Jaqueline estava recebendo do governo do Estado o tranquilizante Clonazepam. Há um mês, o estoque acabou e ela está tendo que comprar com o dinheiro da família. "Eu já não conseguia dormir. Passei a tomar dois comprimidos de 2mg cada todas as noites. Só consigo dormir desta forma", diz ela.

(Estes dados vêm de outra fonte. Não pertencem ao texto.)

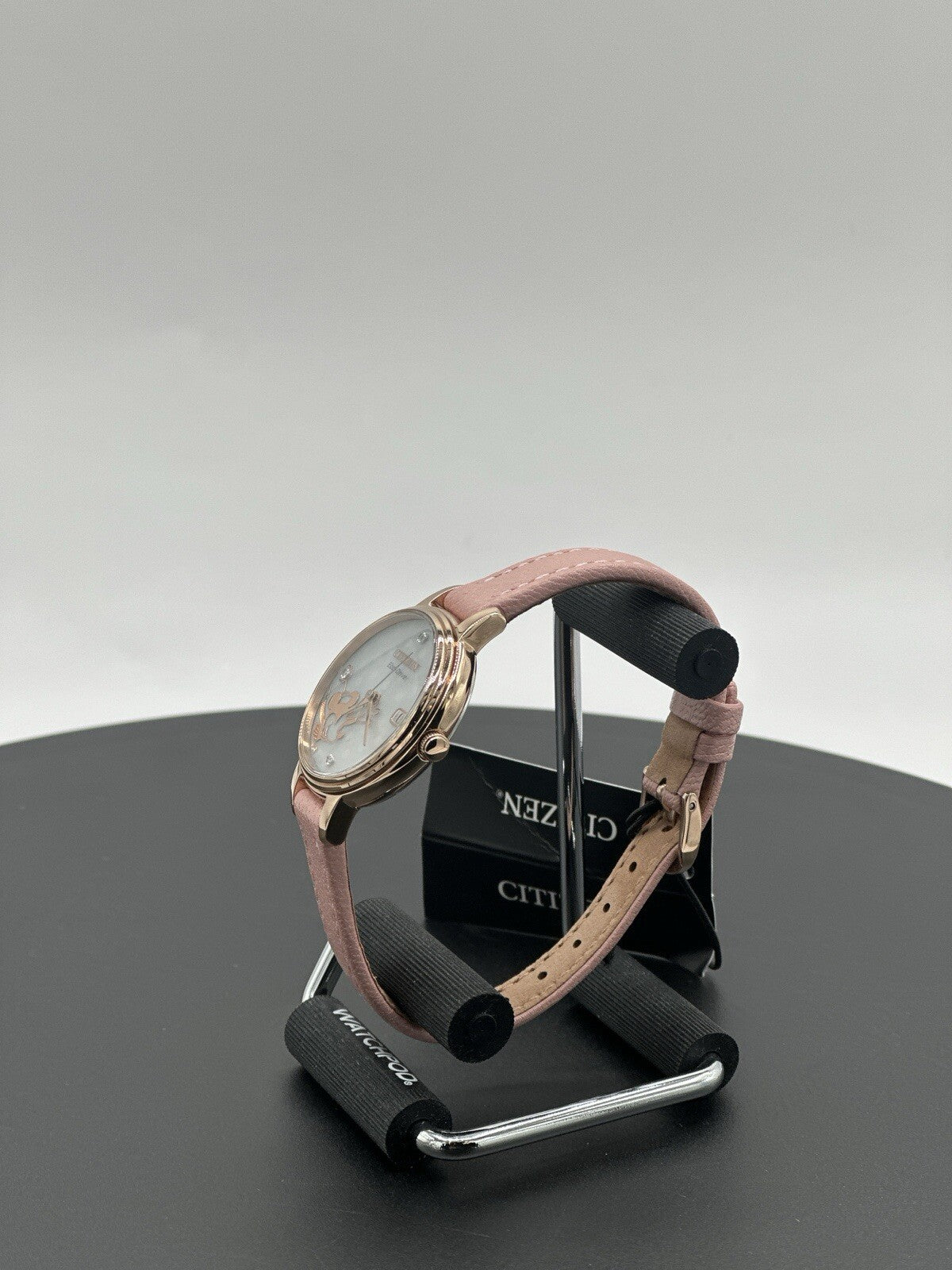 Citizen Eco-Drive Silver Women's Watch - EW244801W $325 MSRP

Em entrevista exclusiva ao GLOBO , ela disse que está se sentindo culpada pelo que aconteceu com a menina Ágatha. Isso pelo fato de ter se fechado, deprimida, e não ter desabafado sua angústia com ninguém, Ela diz achar que poderia ter cobrado com veemência Justiça para o caso de sua filha concedendo entrevistas à imprensa.

"Disse para a Vanessa (mãe da Ágatha) para falar com a imprensa, para se expor, para cobrar justiça. Eu não tive forças e, agora, me sinto culpada. Se tivesse me exposto depois da morte de minha filha talvez esse tipo de situação de tiros dentro de comunidades com inocentes presentes não estivesse mais acontecendo", setencia.

"Eu disse a ela para me chamar em qualquer situação. Acho que nós duas podemos nos ajudar a enfrentar estas tragédias. Eu não costumo entrar na Fazendinha. Mas se ela precisar, vou até lá a qualquer hora. Estamos ligadas pelo mesmo sofrimento", completa.

Jaqueline ainda guarda detalhes do momento em que sua filha esteve internada no Hospital Miguel Couto, na Gávea, Zona Sul. Ela disse que a pressão de sua filha aumentou tanto numa determinada ocasião que ela acabou sofrendo uma isquemia.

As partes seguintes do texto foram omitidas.